Según el informe de la FAO y toda la literatura especializada sobre el tema, las causas exactas de la pérdida de comida dependen mucho de las condiciones económicas y las situaciones locales de cada país. En términos generales, el reporte señala que tres son las instancias que permiten que la comida termine en la basura: cosecha y tratamiento de los alimentos; comercialización en tiendas, supermercados y restaurantes; y consumo domiciliario. Dependiendo de la etapa en la que se produzca el despilfarro, corresponde hablar de “pérdida” o “desperdicio”. La carga semántica no es casual: el término busca hacer referencia a una situación completamente evitable, que solo ocurre gracias al comportamiento irresponsable de comerciantes y consumidores.
Las consecuencias negativas de esta falta de preocupación por el despilfarro de los recursos planetarios son múltiples. En primer lugar, la pérdida de alimentos en cualquier punto de la cadena es una de las principales causas del fracaso de las políticas que buscan acabar con el hambre, la desnutrición y la inseguridad alimentaria en el mundo. Después de todo, sobre 800 millones de personas en el mundo padecen de hambre y no tienen una vida saludable. En Chile, por lo menos 1 de cada 7 personas pasa hambre o come deficientemente cada día.

 

Fachada a Supermercado Jumbo

Los supermercados chilenos acumulan comida deliberadamente. Estantes llenos de alimentos, verduras y frutas perfectas generan un sistema perverso donde la comida solo sirve dependiendo de su valor estético. Esta actitud no solo fuerza a los supermercados y agricultores a deshacerse de comida en perfecto estado, sino que también hace aumentar los costos de los alimentos.

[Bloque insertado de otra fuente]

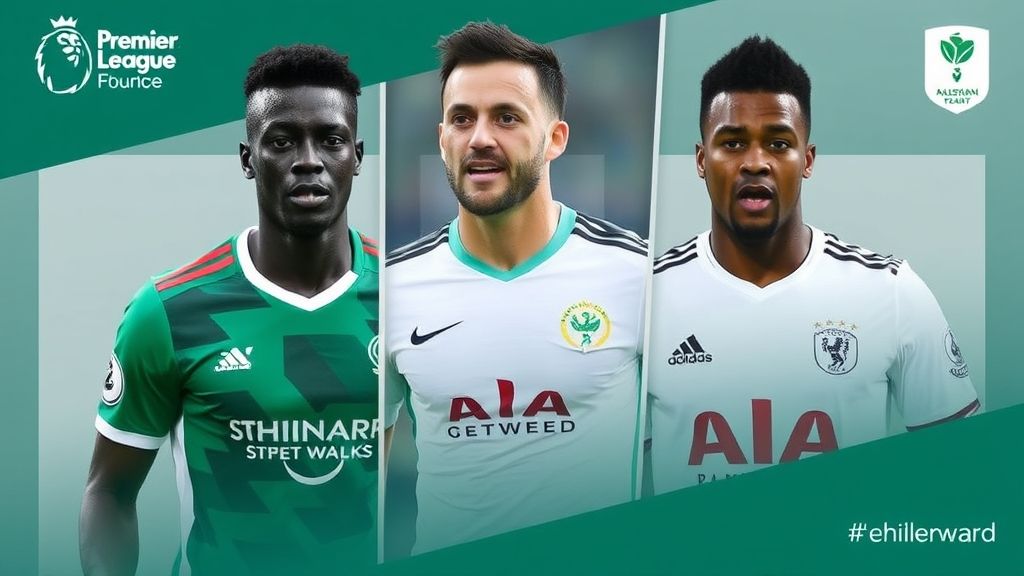 英超周末最佳阵容：黑马军团惊艳亮相 豪门球星集体缺席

Para Tristram Stuart, activista e investigador del Centro de Historia Medioambiental Mundial de la Universidad de Sussex, en Inglaterra, y autor del libro Waste: Uncovering the global food scandal (Despilfarro: develando el escándalo global de la comida), la inseguridad alimentaria es “frecuentemente más una cuestión de posibilidad de acceso que de recursos disponibles”. En tal sentido, mejorar la eficiencia de la cadena de oferta de alimentos podría ayudar a abaratar el costo de los alimentos para los consumidores y así aumentar la posibilidad de acceso.

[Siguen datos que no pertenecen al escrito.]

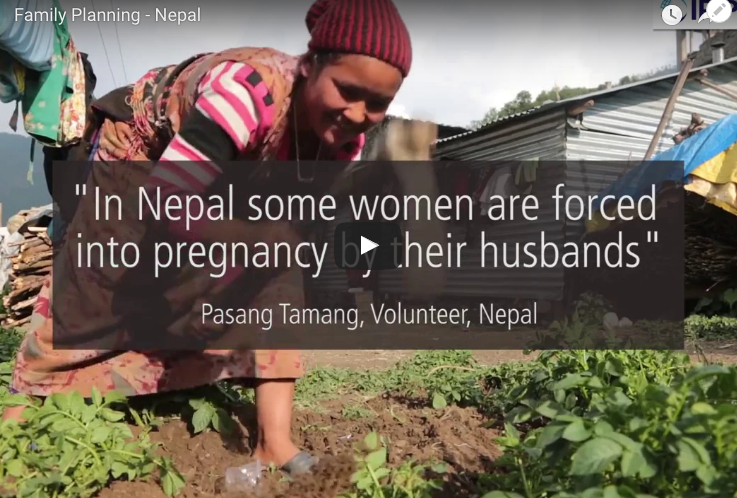 frame form the video about family planning in rural Nepal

Aunque parezca increíble, la pérdida de comida en los países industrializados es tan alta como en los países en vías de desarrollo. Sin embargo, hay entre ellos una diferencia sustancial. En los países en vías de desarrollo más del 40 % de las pérdidas de comida ocurren después de la cosecha debido principalmente a la falta de instalaciones adecuadas en el procesamiento y almacenamiento de los alimentos, refrigeración y transporte; mientras que en los países industrializados, más del 40 % de las pérdidas de comida ocurren en la parte final de la cadena a nivel del comercio y los consumidores. En este última etapa los volúmenes son de escándalo. En su libro, Tristram Stuart señala que la pérdida de alimentos a nivel de los consumidores en los países industrializados (222 millones de toneladas anuales) es casi tan alta como la producción alimentaria total del África Subsahariana (230 millones de toneladas).

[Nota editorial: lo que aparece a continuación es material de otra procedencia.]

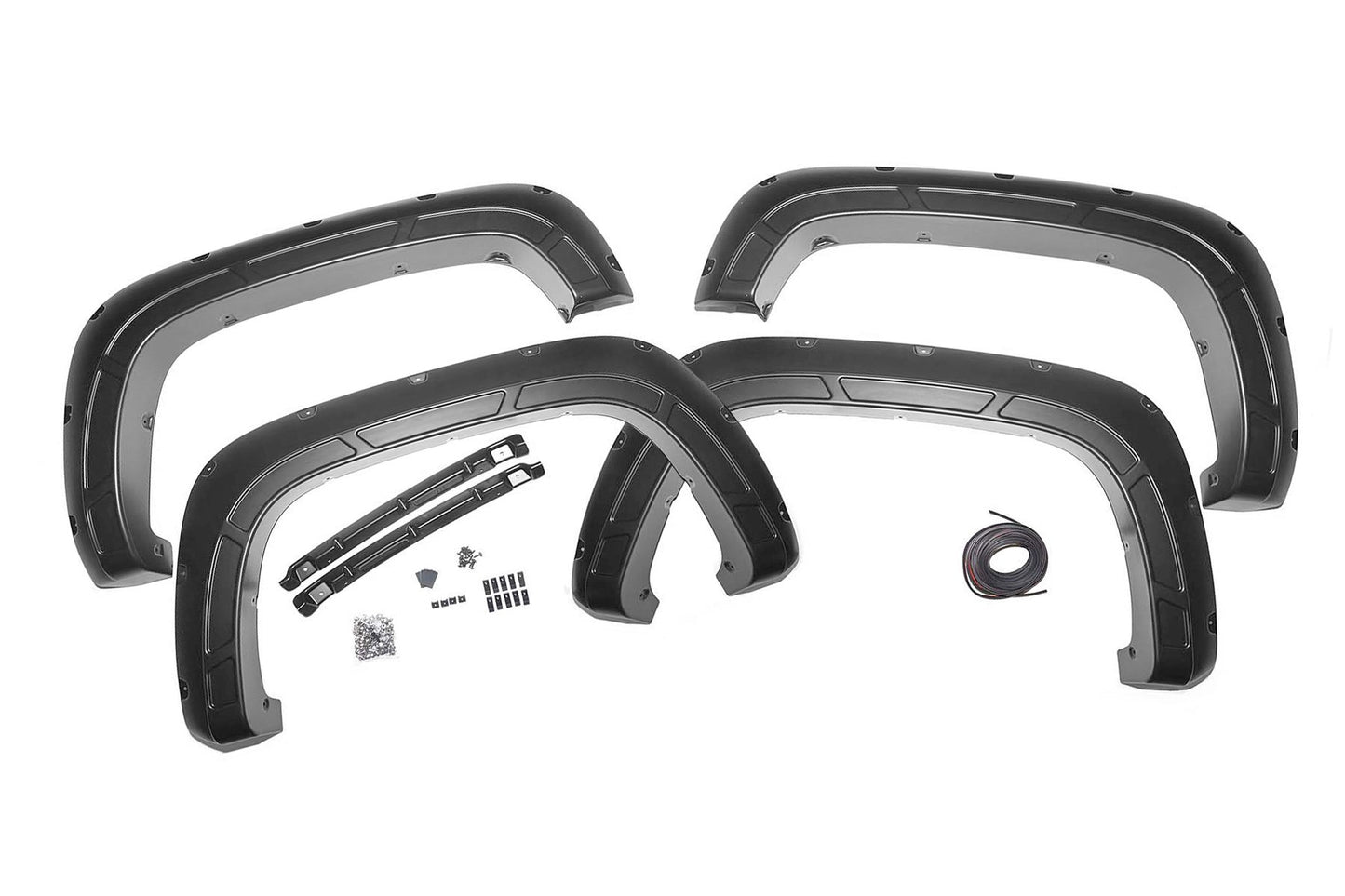 Fender Flares | Defender | GAZ Summit White | Chevy Silverado 2500 HD/3500 HD (20-25) Rough Country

El despilfarro de los alimentos también afecta negativamente al medioambiente. La agricultura es extremadamente intensiva en el uso de recursos naturales. La producción global de comida que ocupa cerca de un cuarto de toda la tierra habitable del planeta, es responsable por más del 70 % del consumo de agua fresca, 80 % de la deforestación y se erige como la primera causa de pérdida de especies y biodiversidad. Eso, sin contar que sigue siendo el factor más determinante en el cambio de uso de la tierra, que ha acabado con una infinidad de ecosistemas: desde 1980 a 2000, 83 % de la expansión de terrenos de cultivo en el trópico se originó a partir de bosques, hasta ese momento, intactos, de acuerdo a las cifras del Programa de Naciones Unidas para el Medio Ambiente, UNEP.
Por otra parte, producir comida que no va a consumirse supone emisiones innecesarias de CO2. Sin contabilizar las emisiones de CO2 que provoca el uso de la tierra, la huella de carbono de los alimentos producidos que no son consumidos se estima en 3 300 millones de toneladas de CO2: el equivalente al 30 % de las emisiones de gas de invernadero en el mundo. Si fuera un país, sería el tercer emisor de CO2 más grande del mundo después de Estados Unidos y China.
Muchas de estas cifras se explican porque hoy el mundo siembra casi dos veces la cantidad de comida que necesita. En este sentido, según el documento FAO de 2012, “Iniciativa global de reducción del desperdicio y pérdida de comida”, entre más alto es el nivel de procesamiento exigido para producir alimentos cosméticamente perfectos, o mientras más tarde en la cadena se desperdicien, peor para el medioambiente. De hecho, según UNEP, “el aumento del consumo de comida que requiere de más energía (o sea, comida más cuidadosamente seleccionada) es directamente responsable de la creciente presión sobre el ecosistema en términos de tierra, agua y otros recursos naturales utilizados en la producción de alimentos”.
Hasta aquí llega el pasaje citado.